TASK MATERIAL section start

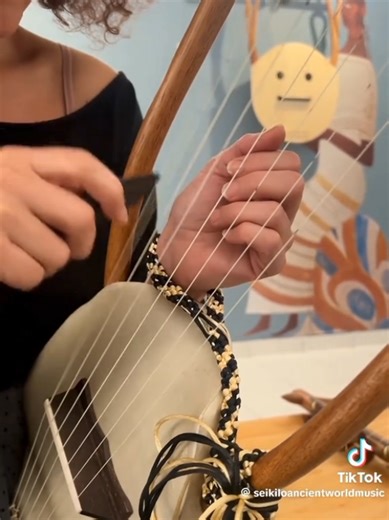 Ό Αριστόξενος φιλόσοφος και μαθητής του Αριστοτέλη έζησε στην εποχή του Μεγαλέξανδρου και ασχολήθηκε και με την μουσική. Για την ακρίβεια πέρα από τα συγγράμματα περί μουσικής είναι αυτός που όρισε το μουσικό μέτρο στην αρχαία ελληνική μουσική. Ασχολήθηκε με τά ρυθμικά και τονικά μέρη και σ' αυτόν αναφέρονται όλοι ι οι μεταγενέστεροι. Εδώ ακούμε τή σωστή απόδοση της αρχαίας λύρας.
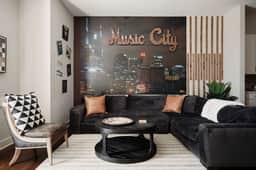Rooftop, Karaoke & Game Garage In East Nashville    |     10 Min to Nissan Stadium, Garage, Ping Pong, Karaoke, Axe Throwing, Shuffleboard, 10 Mins to Broadway, 5 Mins to Five Points, Perfect for Bachelors or Bachelorettes, 24 Hr Hospitality - Image 3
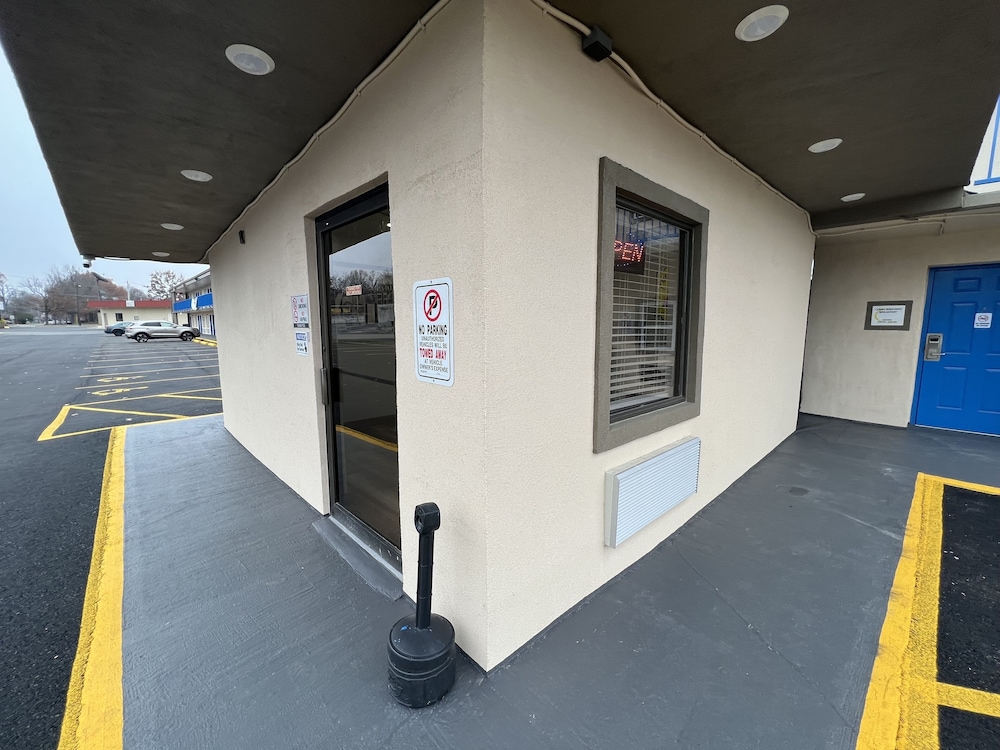 Super 8 by Wyndham Paducah I-24 Exit 4 5/60
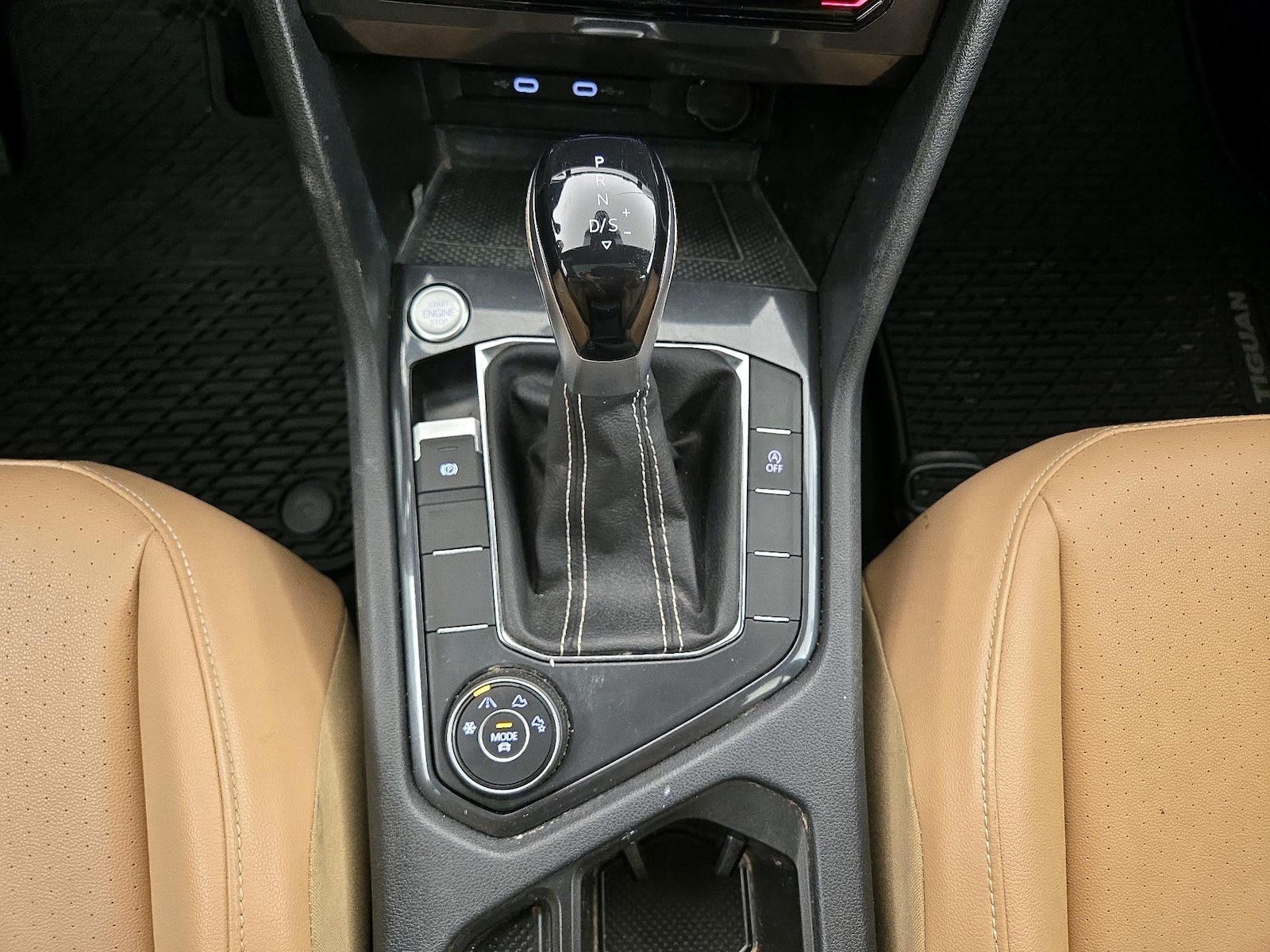 2022 Volkswagen Tiguan SE - Photo 18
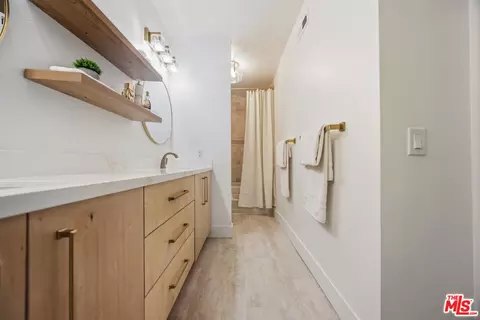 Bath - 21730 Grace Ave #4, Carson, CA 90745 photo 3 of 4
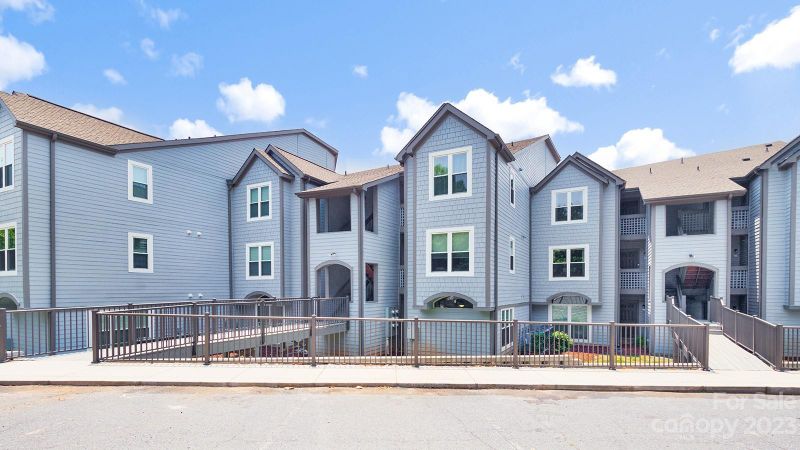18741 Nautical Dr #104, Cornelius, NC 28031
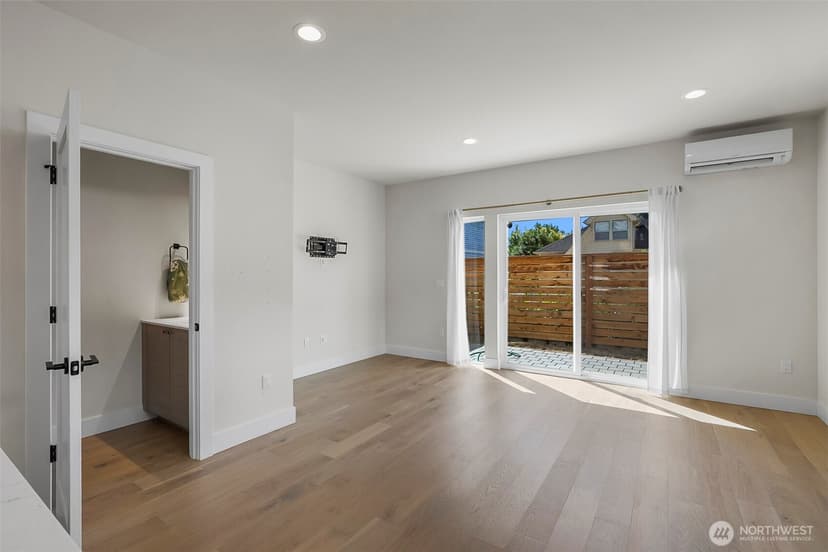 Property photo for 1129 NW 61st #B, Seattle photo 9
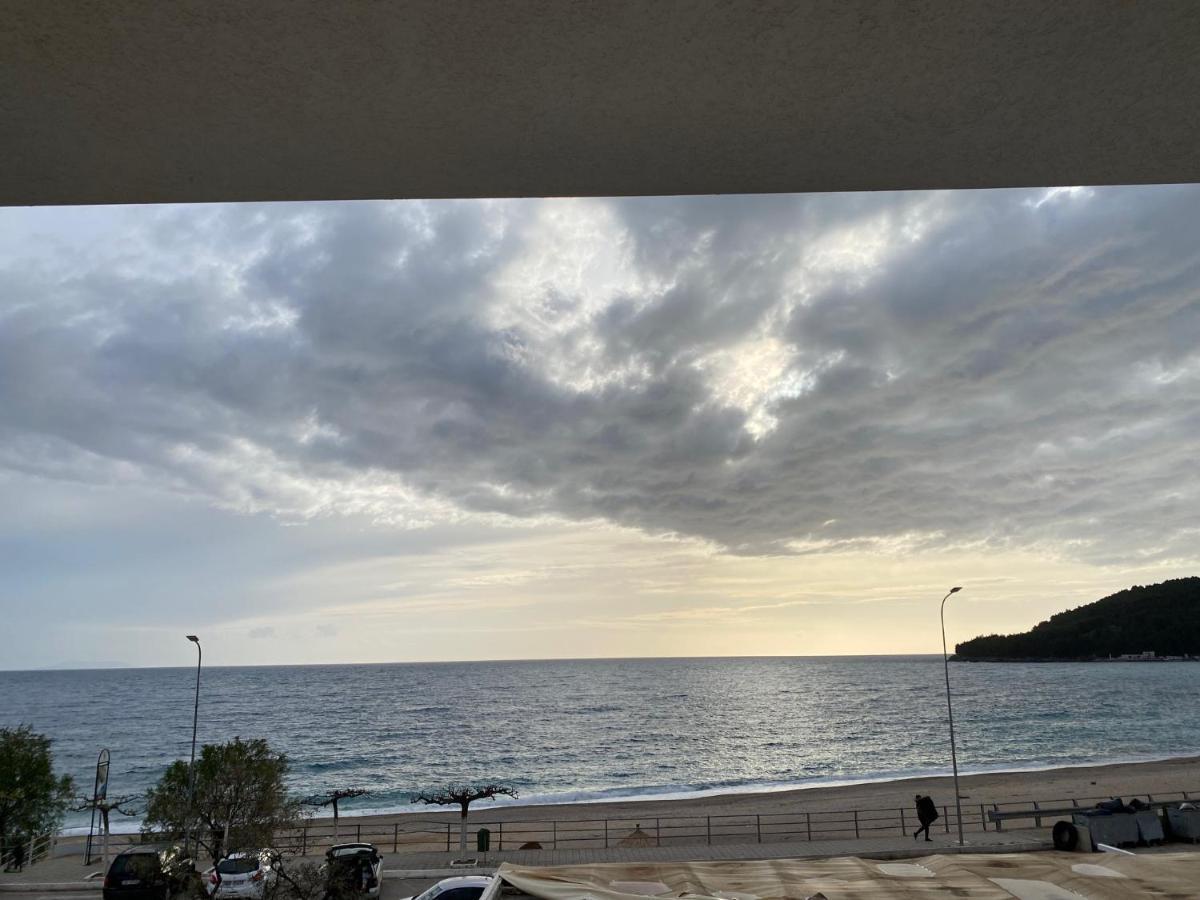 Mediterranean Apartments Himare Exterior photo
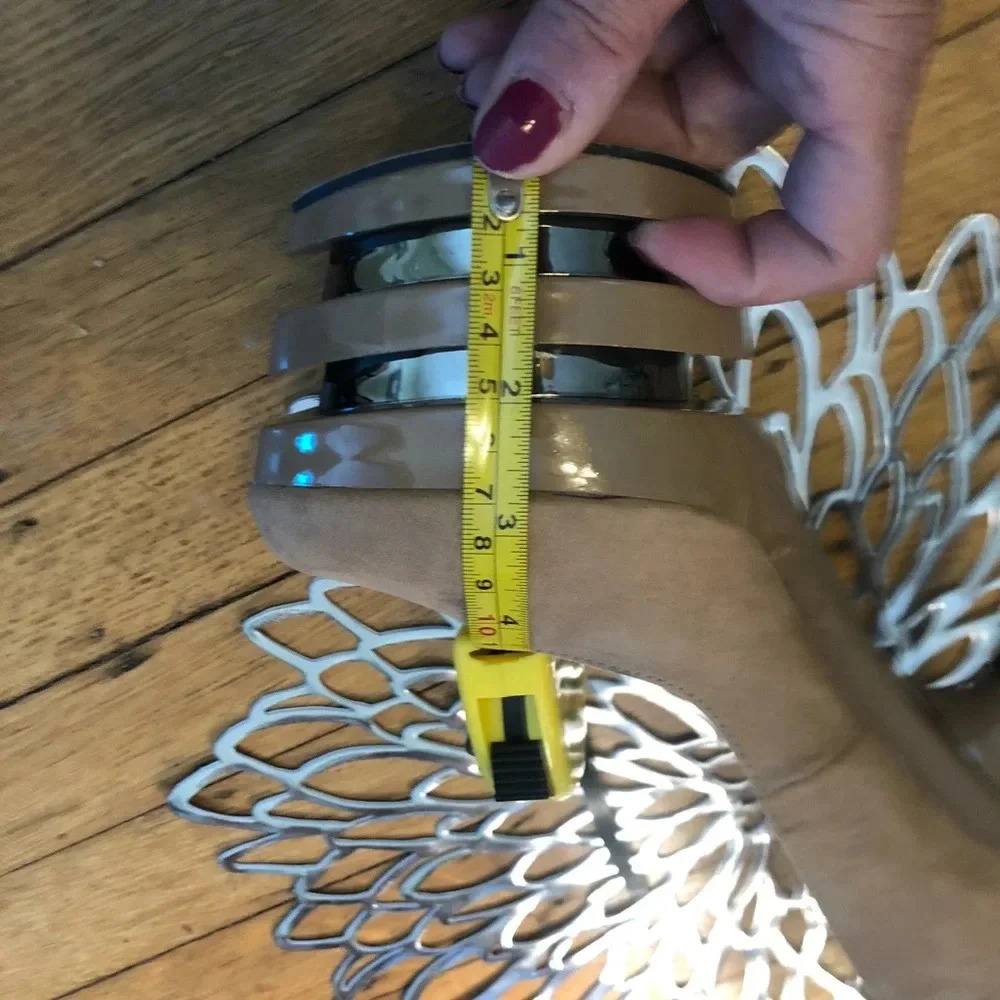 Sexy mile high platforms - Picture 7 of 9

TASK MATERIAL section end

## ACTIVITY
Write the full listing out again with every line unchanged, but include no pictures.

## SOLUTION BELOW
 Ό Αριστόξενος φιλόσοφος και μαθητής του Αριστοτέλη έζησε στην εποχή του Μεγαλέξανδρου και ασχολήθηκε και με την μουσική. Για την ακρίβεια πέρα από τα συγγράμματα περί μουσικής είναι αυτός που όρισε το μουσικό μέτρο στην αρχαία ελληνική μουσική. Ασχολήθηκε με τά ρυθμικά και τονικά μέρη και σ' αυτόν αναφέρονται όλοι ι οι μεταγενέστεροι. Εδώ ακούμε τή σωστή απόδοση της αρχαίας λύρας.
Rooftop, Karaoke & Game Garage In East Nashville    |     10 Min to Nissan Stadium, Garage, Ping Pong, Karaoke, Axe Throwing, Shuffleboard, 10 Mins to Broadway, 5 Mins to Five Points, Perfect for Bachelors or Bachelorettes, 24 Hr Hospitality - Image 3
 Super 8 by Wyndham Paducah I-24 Exit 4 5/60
 2022 Volkswagen Tiguan SE - Photo 18
 Bath - 21730 Grace Ave #4, Carson, CA 90745 photo 3 of 4
18741 Nautical Dr #104, Cornelius, NC 28031
 Property photo for 1129 NW 61st #B, Seattle photo 9
 Mediterranean Apartments Himare Exterior photo
 Sexy mile high platforms - Picture 7 of 9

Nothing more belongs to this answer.